Begin at the top of the following data. Copy each line exactly until you have copied the line containing "画像: RATS/MGMC POCKET".

====== INFORMATION SUPPLIED

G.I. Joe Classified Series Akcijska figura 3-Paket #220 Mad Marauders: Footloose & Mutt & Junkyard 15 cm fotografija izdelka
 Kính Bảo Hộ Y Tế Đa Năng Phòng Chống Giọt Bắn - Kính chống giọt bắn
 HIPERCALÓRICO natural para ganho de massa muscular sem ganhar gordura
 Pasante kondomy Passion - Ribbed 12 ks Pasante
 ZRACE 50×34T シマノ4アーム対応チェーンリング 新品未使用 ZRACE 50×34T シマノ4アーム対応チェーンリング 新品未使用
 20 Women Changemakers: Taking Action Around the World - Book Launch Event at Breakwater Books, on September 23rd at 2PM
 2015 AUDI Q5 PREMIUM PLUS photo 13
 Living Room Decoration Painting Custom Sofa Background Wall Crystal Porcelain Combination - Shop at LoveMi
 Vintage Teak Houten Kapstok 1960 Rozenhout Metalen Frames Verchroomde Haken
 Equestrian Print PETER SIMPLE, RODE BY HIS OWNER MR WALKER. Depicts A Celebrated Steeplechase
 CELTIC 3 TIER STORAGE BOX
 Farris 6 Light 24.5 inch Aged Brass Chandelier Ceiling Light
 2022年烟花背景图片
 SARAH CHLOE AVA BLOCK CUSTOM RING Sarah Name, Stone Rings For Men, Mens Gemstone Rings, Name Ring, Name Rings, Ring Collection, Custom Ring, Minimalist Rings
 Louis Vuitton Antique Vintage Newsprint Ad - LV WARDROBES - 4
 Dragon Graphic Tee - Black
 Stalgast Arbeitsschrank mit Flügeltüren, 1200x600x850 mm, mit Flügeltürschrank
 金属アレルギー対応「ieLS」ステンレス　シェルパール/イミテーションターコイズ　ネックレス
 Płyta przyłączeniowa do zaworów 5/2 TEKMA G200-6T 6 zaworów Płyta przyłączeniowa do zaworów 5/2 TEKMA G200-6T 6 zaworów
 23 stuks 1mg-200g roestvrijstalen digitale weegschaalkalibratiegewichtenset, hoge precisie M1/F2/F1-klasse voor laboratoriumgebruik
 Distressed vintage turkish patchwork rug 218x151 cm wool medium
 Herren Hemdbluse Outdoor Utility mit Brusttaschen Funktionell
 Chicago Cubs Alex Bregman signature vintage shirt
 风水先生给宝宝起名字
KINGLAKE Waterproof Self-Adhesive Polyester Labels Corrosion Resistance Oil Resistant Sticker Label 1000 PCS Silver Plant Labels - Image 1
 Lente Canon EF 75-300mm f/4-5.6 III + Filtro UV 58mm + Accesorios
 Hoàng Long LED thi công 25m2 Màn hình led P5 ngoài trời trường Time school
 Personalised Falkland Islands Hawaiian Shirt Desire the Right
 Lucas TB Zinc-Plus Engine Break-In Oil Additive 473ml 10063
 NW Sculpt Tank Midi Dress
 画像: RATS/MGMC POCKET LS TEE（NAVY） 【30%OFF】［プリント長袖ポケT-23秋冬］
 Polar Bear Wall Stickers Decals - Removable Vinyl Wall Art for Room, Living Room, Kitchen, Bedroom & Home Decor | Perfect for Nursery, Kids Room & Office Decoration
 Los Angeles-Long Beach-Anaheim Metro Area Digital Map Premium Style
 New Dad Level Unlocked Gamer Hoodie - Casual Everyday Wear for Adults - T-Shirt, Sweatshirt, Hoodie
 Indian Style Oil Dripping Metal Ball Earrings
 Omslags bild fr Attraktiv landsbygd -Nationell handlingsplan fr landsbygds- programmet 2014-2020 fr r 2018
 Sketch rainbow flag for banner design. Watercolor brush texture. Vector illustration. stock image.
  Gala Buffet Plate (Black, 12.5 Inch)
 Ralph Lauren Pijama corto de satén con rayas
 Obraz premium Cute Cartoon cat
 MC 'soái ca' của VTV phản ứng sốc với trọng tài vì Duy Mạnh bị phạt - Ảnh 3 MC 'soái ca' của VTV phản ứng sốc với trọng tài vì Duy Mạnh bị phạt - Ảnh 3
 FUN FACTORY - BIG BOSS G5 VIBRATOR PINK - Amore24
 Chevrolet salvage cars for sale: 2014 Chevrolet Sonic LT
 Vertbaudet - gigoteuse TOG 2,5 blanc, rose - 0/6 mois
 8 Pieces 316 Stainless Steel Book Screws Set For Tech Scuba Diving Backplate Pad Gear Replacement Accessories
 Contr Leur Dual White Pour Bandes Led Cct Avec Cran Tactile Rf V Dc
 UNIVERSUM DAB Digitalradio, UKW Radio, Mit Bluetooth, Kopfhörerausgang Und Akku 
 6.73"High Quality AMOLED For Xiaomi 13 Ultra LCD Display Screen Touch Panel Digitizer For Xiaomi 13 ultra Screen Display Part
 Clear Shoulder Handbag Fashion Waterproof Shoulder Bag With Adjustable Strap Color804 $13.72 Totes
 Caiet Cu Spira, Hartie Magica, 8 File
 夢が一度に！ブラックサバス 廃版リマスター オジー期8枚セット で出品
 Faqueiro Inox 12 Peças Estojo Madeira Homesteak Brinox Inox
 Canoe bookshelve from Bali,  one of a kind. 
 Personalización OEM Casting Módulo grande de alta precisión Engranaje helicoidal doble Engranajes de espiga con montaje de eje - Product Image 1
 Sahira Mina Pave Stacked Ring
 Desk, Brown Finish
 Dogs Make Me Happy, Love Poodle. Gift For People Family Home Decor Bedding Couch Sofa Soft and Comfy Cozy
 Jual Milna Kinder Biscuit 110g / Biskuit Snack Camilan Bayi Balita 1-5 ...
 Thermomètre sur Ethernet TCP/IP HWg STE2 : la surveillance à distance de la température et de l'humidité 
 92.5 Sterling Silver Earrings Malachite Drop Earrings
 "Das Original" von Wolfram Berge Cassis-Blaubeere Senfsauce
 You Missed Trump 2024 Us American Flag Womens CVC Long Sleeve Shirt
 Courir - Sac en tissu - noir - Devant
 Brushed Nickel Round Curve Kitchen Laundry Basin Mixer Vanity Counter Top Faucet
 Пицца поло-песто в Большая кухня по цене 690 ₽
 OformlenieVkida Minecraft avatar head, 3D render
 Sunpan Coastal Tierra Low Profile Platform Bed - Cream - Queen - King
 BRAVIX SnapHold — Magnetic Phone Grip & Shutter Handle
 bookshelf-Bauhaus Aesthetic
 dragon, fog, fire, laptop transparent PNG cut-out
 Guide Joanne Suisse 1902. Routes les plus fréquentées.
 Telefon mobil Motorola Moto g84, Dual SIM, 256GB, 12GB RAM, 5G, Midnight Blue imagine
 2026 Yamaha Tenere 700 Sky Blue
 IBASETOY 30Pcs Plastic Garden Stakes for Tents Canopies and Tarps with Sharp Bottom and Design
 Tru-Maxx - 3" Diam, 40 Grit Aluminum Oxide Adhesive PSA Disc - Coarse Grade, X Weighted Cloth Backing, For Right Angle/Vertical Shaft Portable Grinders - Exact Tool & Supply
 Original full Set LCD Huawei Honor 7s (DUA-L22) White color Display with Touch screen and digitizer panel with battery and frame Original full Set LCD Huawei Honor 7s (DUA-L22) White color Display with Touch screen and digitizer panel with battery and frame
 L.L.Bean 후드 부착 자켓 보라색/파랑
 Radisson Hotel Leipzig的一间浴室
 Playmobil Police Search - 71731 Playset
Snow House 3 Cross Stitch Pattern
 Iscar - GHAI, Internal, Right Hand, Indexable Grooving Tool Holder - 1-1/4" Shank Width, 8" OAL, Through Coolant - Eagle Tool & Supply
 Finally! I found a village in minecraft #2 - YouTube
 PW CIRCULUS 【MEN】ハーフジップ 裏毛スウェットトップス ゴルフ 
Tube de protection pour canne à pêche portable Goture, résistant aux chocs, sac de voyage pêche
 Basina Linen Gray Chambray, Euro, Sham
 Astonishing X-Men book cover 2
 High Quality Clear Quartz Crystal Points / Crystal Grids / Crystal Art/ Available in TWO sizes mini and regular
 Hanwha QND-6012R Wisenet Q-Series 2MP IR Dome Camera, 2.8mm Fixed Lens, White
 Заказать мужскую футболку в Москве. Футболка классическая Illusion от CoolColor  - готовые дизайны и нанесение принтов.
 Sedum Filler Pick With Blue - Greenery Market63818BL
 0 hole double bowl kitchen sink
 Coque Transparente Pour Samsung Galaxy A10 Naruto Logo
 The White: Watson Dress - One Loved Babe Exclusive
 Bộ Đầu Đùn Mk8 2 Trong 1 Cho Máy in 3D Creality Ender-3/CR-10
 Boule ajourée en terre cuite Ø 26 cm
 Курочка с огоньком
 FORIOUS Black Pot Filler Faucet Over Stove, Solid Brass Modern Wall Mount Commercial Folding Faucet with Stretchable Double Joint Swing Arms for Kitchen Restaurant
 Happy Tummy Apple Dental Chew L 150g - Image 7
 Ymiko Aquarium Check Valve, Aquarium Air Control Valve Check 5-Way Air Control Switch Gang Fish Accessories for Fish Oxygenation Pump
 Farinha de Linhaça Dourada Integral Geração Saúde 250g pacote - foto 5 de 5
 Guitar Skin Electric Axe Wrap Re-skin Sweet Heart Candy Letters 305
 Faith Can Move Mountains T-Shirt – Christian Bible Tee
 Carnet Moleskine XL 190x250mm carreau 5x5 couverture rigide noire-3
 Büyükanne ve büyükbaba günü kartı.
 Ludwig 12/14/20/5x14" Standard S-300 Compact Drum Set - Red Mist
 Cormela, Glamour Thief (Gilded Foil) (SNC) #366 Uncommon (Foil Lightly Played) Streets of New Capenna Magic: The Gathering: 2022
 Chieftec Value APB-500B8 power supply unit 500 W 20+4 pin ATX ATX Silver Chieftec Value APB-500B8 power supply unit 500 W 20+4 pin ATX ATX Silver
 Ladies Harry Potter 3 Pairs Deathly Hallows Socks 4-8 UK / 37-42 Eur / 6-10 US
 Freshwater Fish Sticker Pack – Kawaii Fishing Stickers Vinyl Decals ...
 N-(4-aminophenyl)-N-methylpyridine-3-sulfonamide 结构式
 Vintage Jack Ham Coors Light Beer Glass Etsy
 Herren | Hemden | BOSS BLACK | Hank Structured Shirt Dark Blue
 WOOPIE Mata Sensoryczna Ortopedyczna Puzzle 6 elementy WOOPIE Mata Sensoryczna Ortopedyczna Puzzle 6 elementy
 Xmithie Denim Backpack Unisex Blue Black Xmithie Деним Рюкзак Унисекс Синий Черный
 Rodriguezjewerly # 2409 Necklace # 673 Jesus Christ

============

YOUR RESPONSE:
G.I. Joe Classified Series Akcijska figura 3-Paket #220 Mad Marauders: Footloose & Mutt & Junkyard 15 cm fotografija izdelka
 Kính Bảo Hộ Y Tế Đa Năng Phòng Chống Giọt Bắn - Kính chống giọt bắn
 HIPERCALÓRICO natural para ganho de massa muscular sem ganhar gordura
 Pasante kondomy Passion - Ribbed 12 ks Pasante
 ZRACE 50×34T シマノ4アーム対応チェーンリング 新品未使用 ZRACE 50×34T シマノ4アーム対応チェーンリング 新品未使用
 20 Women Changemakers: Taking Action Around the World - Book Launch Event at Breakwater Books, on September 23rd at 2PM
 2015 AUDI Q5 PREMIUM PLUS photo 13
 Living Room Decoration Painting Custom Sofa Background Wall Crystal Porcelain Combination - Shop at LoveMi
 Vintage Teak Houten Kapstok 1960 Rozenhout Metalen Frames Verchroomde Haken
 Equestrian Print PETER SIMPLE, RODE BY HIS OWNER MR WALKER. Depicts A Celebrated Steeplechase
 CELTIC 3 TIER STORAGE BOX
 Farris 6 Light 24.5 inch Aged Brass Chandelier Ceiling Light
 2022年烟花背景图片
 SARAH CHLOE AVA BLOCK CUSTOM RING Sarah Name, Stone Rings For Men, Mens Gemstone Rings, Name Ring, Name Rings, Ring Collection, Custom Ring, Minimalist Rings
 Louis Vuitton Antique Vintage Newsprint Ad - LV WARDROBES - 4
 Dragon Graphic Tee - Black
 Stalgast Arbeitsschrank mit Flügeltüren, 1200x600x850 mm, mit Flügeltürschrank
 金属アレルギー対応「ieLS」ステンレス　シェルパール/イミテーションターコイズ　ネックレス
 Płyta przyłączeniowa do zaworów 5/2 TEKMA G200-6T 6 zaworów Płyta przyłączeniowa do zaworów 5/2 TEKMA G200-6T 6 zaworów
 23 stuks 1mg-200g roestvrijstalen digitale weegschaalkalibratiegewichtenset, hoge precisie M1/F2/F1-klasse voor laboratoriumgebruik
 Distressed vintage turkish patchwork rug 218x151 cm wool medium
 Herren Hemdbluse Outdoor Utility mit Brusttaschen Funktionell
 Chicago Cubs Alex Bregman signature vintage shirt
 风水先生给宝宝起名字
KINGLAKE Waterproof Self-Adhesive Polyester Labels Corrosion Resistance Oil Resistant Sticker Label 1000 PCS Silver Plant Labels - Image 1
 Lente Canon EF 75-300mm f/4-5.6 III + Filtro UV 58mm + Accesorios
 Hoàng Long LED thi công 25m2 Màn hình led P5 ngoài trời trường Time school
 Personalised Falkland Islands Hawaiian Shirt Desire the Right
 Lucas TB Zinc-Plus Engine Break-In Oil Additive 473ml 10063
 NW Sculpt Tank Midi Dress
 画像: RATS/MGMC POCKET LS TEE（NAVY） 【30%OFF】［プリント長袖ポケT-23秋冬］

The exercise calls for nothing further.